***** Dataset excerpts
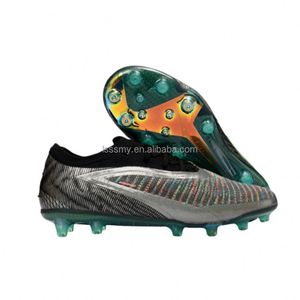 Botas de fútbol FG/TF al por mayor OEM/ODM para adultos y jóvenes, con opciones antideslizantes, ligeras y transpirables de tejido. - Product Image 3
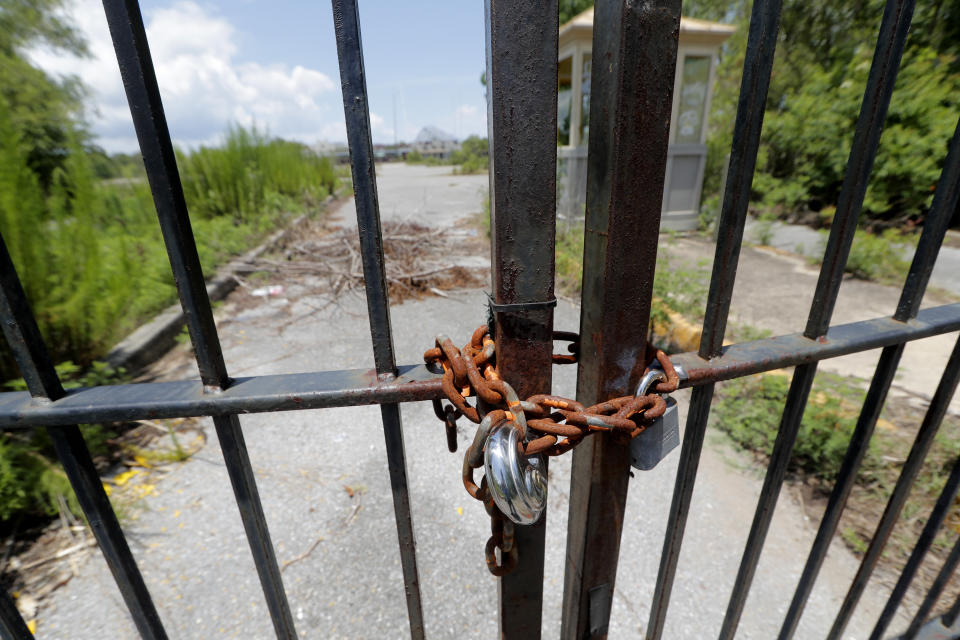 This June 19, 2019, photo shows the gates of the abandoned Six Flags Great Adventure Amusement Park in New Orleans. The abandoned New Orleans amusement park that has stood empty since Hurricane Katrina in 2005 may finally be torn down. The Six Flags park never reopened after the levees failed and flooded the city with water. Mayor LaToya Cantrell says her office is targeting the site for demolition. (AP Photo/Gerald Herbert)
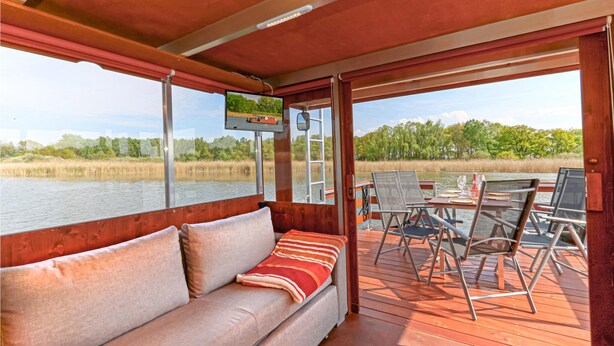 Une terrasse avec un canapé et des fauteuils, donnant sur une étendue d’eau et des arbres.
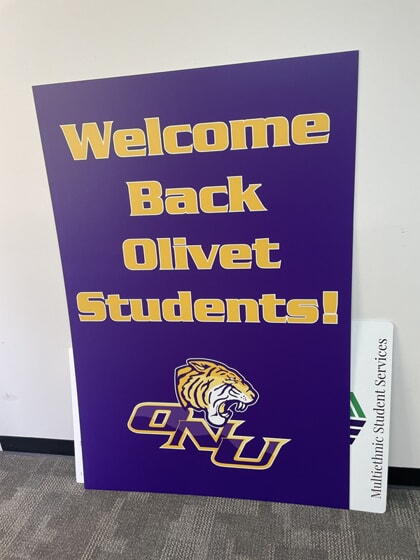 An image of a purple "Welcome Back" ONU sign.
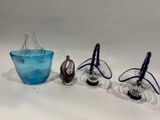 trois vases en verre bleu posés les uns à côté des autres sur une surface blanche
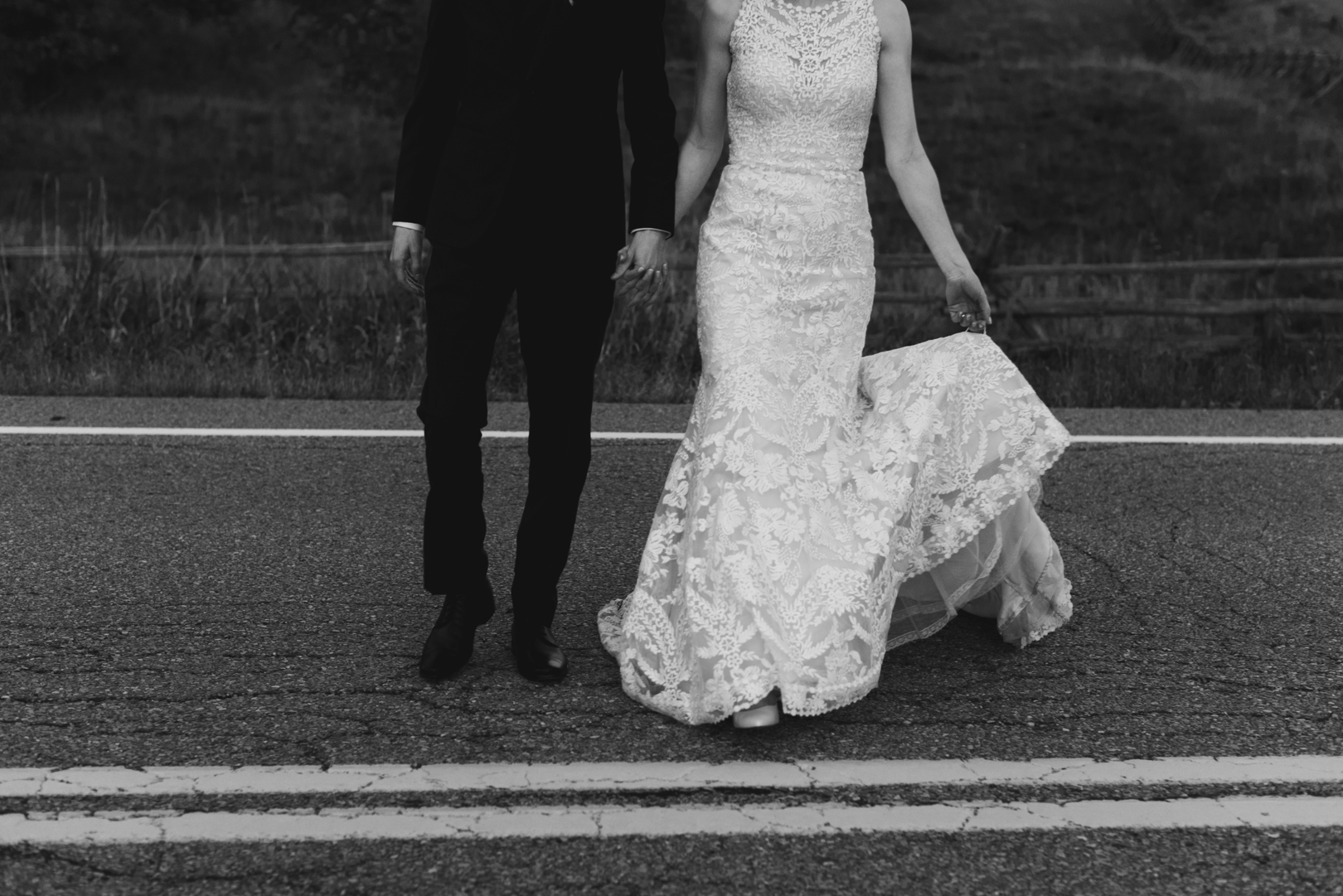 bride holding her train and her groom's hand as they walk across a country road in black and white
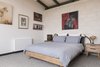 Modern home with Bedroom, Ceiling Lighting, Bed, Pendant Lighting, Night Stands, and Carpet Floor. Master Bedroom Photo 10 of The Golf Course House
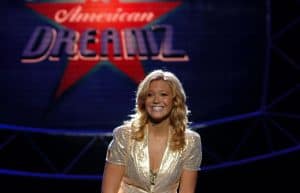 A woman in a gold dress sitting on a stage in front of an american dreamz sign.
**********
Activity
What you output must be exactly the lines from the line with "An image of" through the last line of the listing, pictures excluded.

Answer to this exercise
 An image of a purple "Welcome Back" ONU sign.
 trois vases en verre bleu posés les uns à côté des autres sur une surface blanche
 bride holding her train and her groom's hand as they walk across a country road in black and white
 Modern home with Bedroom, Ceiling Lighting, Bed, Pendant Lighting, Night Stands, and Carpet Floor. Master Bedroom Photo 10 of The Golf Course House
 A woman in a gold dress sitting on a stage in front of an american dreamz sign.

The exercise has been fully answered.